Stemnitsa (Στεμνίτσα) is a mountain village in the municipal unit of Trikolonoi, Arcadia, Peloponnese, Greece. It was the seat of the former municipality Trikolonoi. Stemnitsa is a traditional settlement and is considered one of the most beautiful villages in Arcadia, due to its picturesque location and its historical churches and mansions. It is situated at the western edge of the Mainalo mountains, above the left bank of the river Lousios, at about 1050 m elevation. Stemnitsa is 6 km southeast of Dimitsana, 9 km northeast of Karytaina, 18 km northwest of Megalopoli and 26 km west of Tripoli.

==History and myths==
Stemnitsa has been identified with the ancient Arcadian city Hypsous (Υψούς). It was already ruined in the 2nd century AD, when it was visited by Pausanias. It was near Thyraion (present Pavlia), Zoetia and Paroria. Hypsous was founded by a son of Lycaon.
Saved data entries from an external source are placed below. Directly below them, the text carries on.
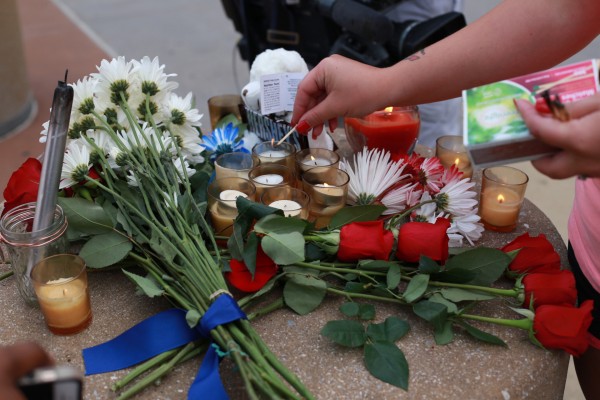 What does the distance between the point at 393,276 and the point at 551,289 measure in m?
0.23

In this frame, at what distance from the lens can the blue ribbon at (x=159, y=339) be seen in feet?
2.65

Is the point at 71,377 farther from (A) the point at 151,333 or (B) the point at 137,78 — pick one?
(B) the point at 137,78

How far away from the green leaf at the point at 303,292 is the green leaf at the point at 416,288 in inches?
A: 5.0

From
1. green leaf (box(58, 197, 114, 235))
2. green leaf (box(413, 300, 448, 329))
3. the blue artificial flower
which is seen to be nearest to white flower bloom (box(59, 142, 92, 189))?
green leaf (box(58, 197, 114, 235))

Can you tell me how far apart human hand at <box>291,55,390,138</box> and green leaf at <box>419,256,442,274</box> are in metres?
0.32

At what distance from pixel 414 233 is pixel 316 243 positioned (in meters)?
0.16

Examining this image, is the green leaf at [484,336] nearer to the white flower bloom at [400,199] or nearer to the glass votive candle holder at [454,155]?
the white flower bloom at [400,199]

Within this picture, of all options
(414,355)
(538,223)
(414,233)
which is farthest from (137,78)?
(538,223)

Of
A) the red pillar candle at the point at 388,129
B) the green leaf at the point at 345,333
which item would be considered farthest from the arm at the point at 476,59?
the green leaf at the point at 345,333

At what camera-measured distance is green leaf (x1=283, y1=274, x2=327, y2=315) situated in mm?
918

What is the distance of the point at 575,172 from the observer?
0.75 m

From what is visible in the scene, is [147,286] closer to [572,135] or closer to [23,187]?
[23,187]

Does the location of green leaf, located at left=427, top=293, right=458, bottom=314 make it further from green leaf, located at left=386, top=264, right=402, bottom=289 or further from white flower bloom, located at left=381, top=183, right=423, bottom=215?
white flower bloom, located at left=381, top=183, right=423, bottom=215

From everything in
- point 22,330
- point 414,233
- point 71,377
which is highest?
point 71,377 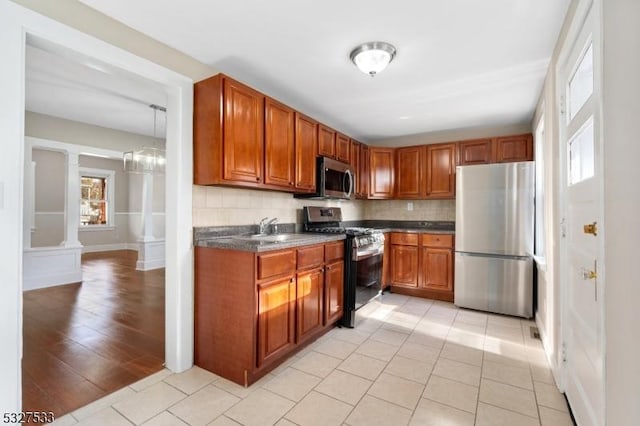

In the 7th and 8th century Slavs settled in the Peloponnese. The name Stemnitsa has Slavic roots and means "woodland". After the fall of Constantinople in 1453 the Peloponnese was occupied by the Ottoman Empire. Due to its remote location Stemnitsa served as a relatively safe haven from the Ottomans, and it became a centre of Greek culture and religion. Many old churches from this period have been preserved. The church of Bafero was built in 1185 and the Zoodochos in 1433. The two larger churches are Ai-Giorgis and Agia Paraskevi. The first mention, some say, of the word Stemnitsa, was found in Ottoman taxation documents dated 1512-1515 where the number of families appeared to be about 120. This information was published by professor John Alexandropoulos. In the Grimani Venetian Census report Stemnitsa was shown as the most populous village in Gortynia with 925 people.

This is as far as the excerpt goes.